• **Supplied material**:
Start of Block

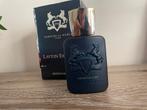 pdm Layton Exclusif Parfum Decant, Enlèvement ou Envoi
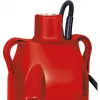 Submersible pump Einhell GC-DW 900 N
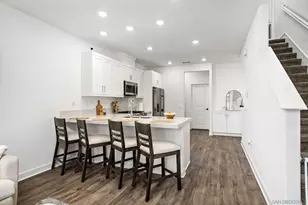 2062 Vela Ln, San Diego, CA 92154 - Photo 7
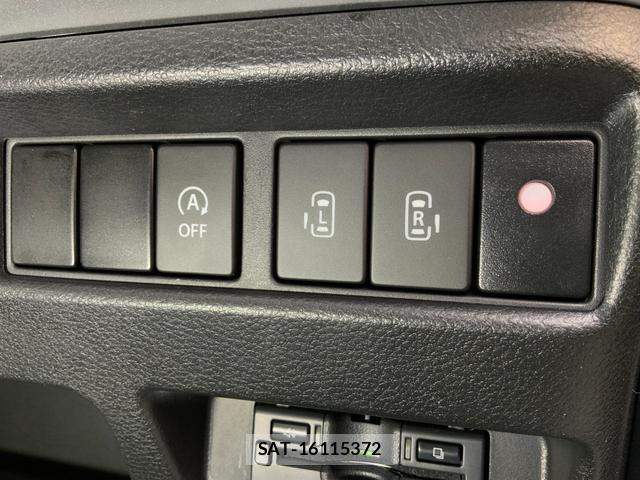 Suzuki SPACIA 2023-04 8011484-5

End of Block

• **What needs to be done**: When you reach the line that contains "Submersible pump Einhell GC-DW 900 N", start copying the listing word for word and stop only after its last line, without any pictures.

• **Completed task**:
 Submersible pump Einhell GC-DW 900 N
 2062 Vela Ln, San Diego, CA 92154 - Photo 7
 Suzuki SPACIA 2023-04 8011484-5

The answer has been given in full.